The proposal here is to separate these two halves. The configuration
(Construct instances and the getConstructor implementation) can be
separated from the objects representing the state of I/O. A new
object, "ConstructorRegistry" or "ConstructorManager" or whatever,
provides the getConstructor implementation.

The proposal also applies to BaseRepresenter, SafeRepresenter,
Representer, and Represent instances. The parallel is obvious.

The advantage is that once these objects are separated, it becomes
much easier to (de)serialize the configuration objects. Additionally,
once a configuration is created, it may be re-used over and over, in
many threads. This may reduce the amount of code required to configure
SnakeYaml (I have seen that this happens in the tests, though the real
world may vary).


Proposal 4:
By removing the distinction between BaseConstructor, SafeConstructor
and Constructor, the flow of control when objects are constructed
becomes simpler to deal with. The choice of Base / Safe / Standard
Constructor is instead handled by configuration objects. After
removing the Construct instances particular to each configuration, the
three classes very similar and offer no real distinction.


I will create a clone to make these changes as neatly as possible
soon. I will probably not have time until after the weekend, at the
earliest.


Thank you for taking the time to read and respond,
/Jordan

Andrey Somov

unread,
Mar 15, 2011, 8:23:34 AM3/15/11
to snakeya...@googlegroups.com
Hi Jordan,

> but without refactoring both, the benefits are lost.

What are the benefits ? Less code for users ? How much less ?
The benefits must be big enough for users to justify the change.


> I disagree that the YAML 1.2 specification is necessarily a needed or
> wanted feature. As I understand it, this specification is still
> incomplete. While it is possible to implement it while it is still a
> draft, I don't see that the 1.2 specification brings any major changes
> to improve the language or make users' lives easier.

YAML 1.2 specification is ready to be implemented. It may contain some
questions but should not be a problem. The current specification is
also not always consistent.
YAML 1.2 brings a very important feature - JSON compatibility. JSON is
a subset of YAML 1.2 (but not YAML 1.1)

In general, we are open for any change. Implement one proposal in a
clone and we can discuss the details (please do not forget to respect
the code conventions).

-
Andrey

DemonWasp

unread,
Mar 16, 2011, 1:39:34 PM3/16/11
to SnakeYAML
Replies in-line below.


On Mar 15, 8:23 am, Andrey Somov <py4...@gmail.com> wrote:
> (snip)
>
> What are the benefits ? Less code for users ? How much less ?
> The benefits must be big enough for users to justify the change.

Benefits:
1. Configurations can be serialized (saved, loaded, transferred, hand-
edited).

This is useful mostly out of convenience. However, one particularly
good use-case is the following:

- developer creates a YamlConfig as used by his application
- developer releases a serialized version of that YamlConfig
- a YAML editor can now load that file and use that configuration to
check the Yaml file, outside of that program


2. Custom Represent / Construct implementations become simpler to use.
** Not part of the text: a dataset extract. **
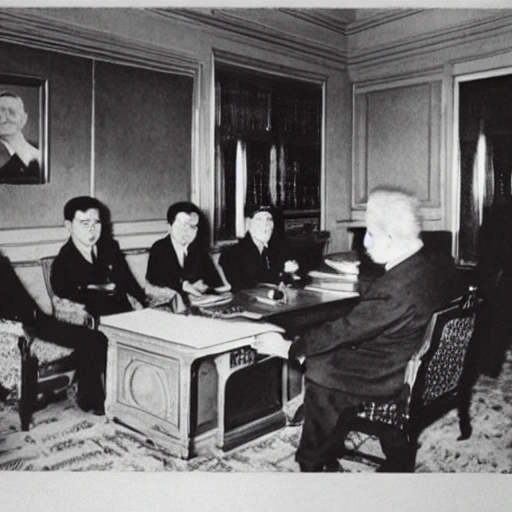 A colored photographic record of a Chinese official's office with clear facial contours. Einstein bows and hands a cigarette to the official.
Instead of extending Representer or Constructor, users can simply add
their Represent / Construct implementations into a config object,
which they can than pass around. Users are no longer restricted to the
"chain" of configurations implied by extending Representer, which
extends SafeRepresenter, which extends Representer.

This also has the happy side-effect of removing the ridiculous
"Representer is a SafeRepresenter" and "Constructor is a
SafeRepresenter" situation that currently exists in SnakeYaml. I know
this confused me when I first started examining SnakeYaml's source.


3. Configurations can be used by many threads.

Currently, each Representer / Constructor has its own set of
configuration objects. By separating these, they can be reused, both
from one load to the next, but also by many threads, simultaneously.
In particular, a "static final YamlConfig" may be created to handle
all loading.




> (snip)
>
> In general, we are open for any change. Implement one proposal in a
> clone and we can discuss the details (please do not forget to respect
> the code conventions).

I've implemented part of the proposal (the Representer side) in the
jordanangold-separate-config clone (http://code.google.com/r/
jordanangold-separate-config/source/browse).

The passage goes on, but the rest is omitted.